Charlie’s going to be a daddy.

Steph found a frog and called it Egg.


I am questioning my decision.

In my weekly one-on-one session, Mindful Paul tells me: “There are no choices .

I told the nurse and I told the doctor: “Yes”.

“Everything”, he says, “is inevitable. There are no choices except for the choices you are comfortable with”.

I am not comfortable.

I tell him that I went to Hell Garden, and that the anti-abortion statues inflamed my ill will.

“I don’t know what it is like to be a woman”, he says, kindly.

Being a woman is like this: “My mum had nine abortions before she had me,” I am told by the new girl from Bahrain.

“I started using meth, then heroin, after having an abortion,” says Akiko. “I was 13.”

It is like this.


I tell Mindful Paul about a moment I had, years ago, while waiting to cross a road with my fiancé. How, in that moment, as the pedestrian lights changed from red to green and the little illuminated man began to flash, and the beeping sound began, I had a deep realisation that everything was meaningless.

It was a moment of joy.

If nothing means anything, then everything is possible.

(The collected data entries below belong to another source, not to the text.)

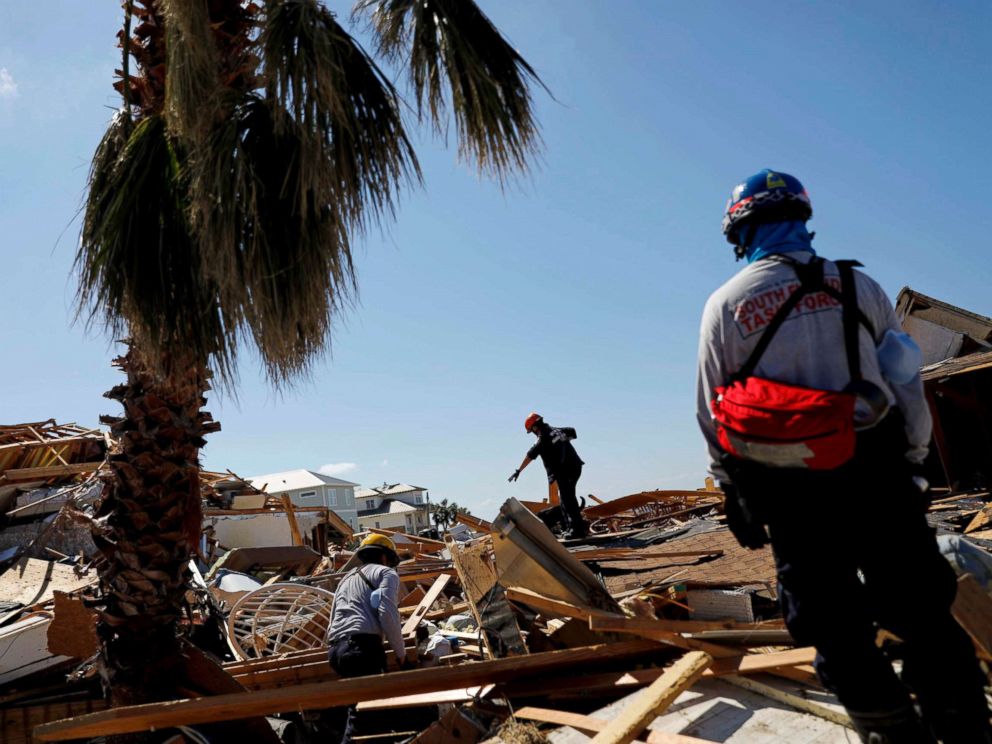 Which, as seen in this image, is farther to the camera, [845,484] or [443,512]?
[443,512]

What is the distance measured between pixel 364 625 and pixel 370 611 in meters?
0.16

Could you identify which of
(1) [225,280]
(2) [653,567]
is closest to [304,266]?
(1) [225,280]

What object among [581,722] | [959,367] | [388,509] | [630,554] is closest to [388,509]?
[388,509]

That night, I cannot sleep. It’s a full moon. I realise that, had I not had an abortion, I would be almost seven months pregnant. I imagine myself with a big, round, tummy and then remember that I am in rehab, still sleepless from ongoing withdrawals or Post-Acute Withdrawal Syndrome, or Post-Abortion Syndrome, or maybe I am just sad, because I am thinking about a baby I believed I could not have.

In the darkness, I smoke four more Camels and count stars.